* Problem to solve: Copy, exactly and without additions, every line in the records below from the one holding "X0000080171264200701051622" through the one holding "玛纳斯河在山区中呈树枝状,汇合了清水河,芦草沟,大白杨沟,小白杨沟", both ends included.

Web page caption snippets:
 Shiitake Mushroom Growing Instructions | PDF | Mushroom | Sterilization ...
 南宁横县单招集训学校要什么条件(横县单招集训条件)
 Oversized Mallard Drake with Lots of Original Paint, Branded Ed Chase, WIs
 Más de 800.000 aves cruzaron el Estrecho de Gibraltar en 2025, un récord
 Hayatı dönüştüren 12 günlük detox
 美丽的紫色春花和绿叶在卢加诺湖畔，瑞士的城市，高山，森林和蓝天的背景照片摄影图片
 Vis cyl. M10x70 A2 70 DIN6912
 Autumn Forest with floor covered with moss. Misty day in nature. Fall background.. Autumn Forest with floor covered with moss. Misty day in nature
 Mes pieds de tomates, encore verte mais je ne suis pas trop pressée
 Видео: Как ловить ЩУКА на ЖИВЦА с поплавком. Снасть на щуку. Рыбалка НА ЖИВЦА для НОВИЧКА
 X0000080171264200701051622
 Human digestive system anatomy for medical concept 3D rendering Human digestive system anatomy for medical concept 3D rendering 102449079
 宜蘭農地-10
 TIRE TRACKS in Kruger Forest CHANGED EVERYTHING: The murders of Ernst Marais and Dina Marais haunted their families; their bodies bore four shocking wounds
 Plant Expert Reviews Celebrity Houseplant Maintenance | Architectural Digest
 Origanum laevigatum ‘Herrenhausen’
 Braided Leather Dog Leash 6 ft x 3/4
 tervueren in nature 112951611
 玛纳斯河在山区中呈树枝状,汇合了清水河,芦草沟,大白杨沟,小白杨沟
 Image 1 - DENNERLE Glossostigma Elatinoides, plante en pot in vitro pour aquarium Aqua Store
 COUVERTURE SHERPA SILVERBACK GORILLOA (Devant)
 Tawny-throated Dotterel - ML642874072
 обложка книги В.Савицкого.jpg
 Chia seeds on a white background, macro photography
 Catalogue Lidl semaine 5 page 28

* Response to the task:
 X0000080171264200701051622
 Human digestive system anatomy for medical concept 3D rendering Human digestive system anatomy for medical concept 3D rendering 102449079
 宜蘭農地-10
 TIRE TRACKS in Kruger Forest CHANGED EVERYTHING: The murders of Ernst Marais and Dina Marais haunted their families; their bodies bore four shocking wounds
 Plant Expert Reviews Celebrity Houseplant Maintenance | Architectural Digest
 Origanum laevigatum ‘Herrenhausen’
 Braided Leather Dog Leash 6 ft x 3/4
 tervueren in nature 112951611
 玛纳斯河在山区中呈树枝状,汇合了清水河,芦草沟,大白杨沟,小白杨沟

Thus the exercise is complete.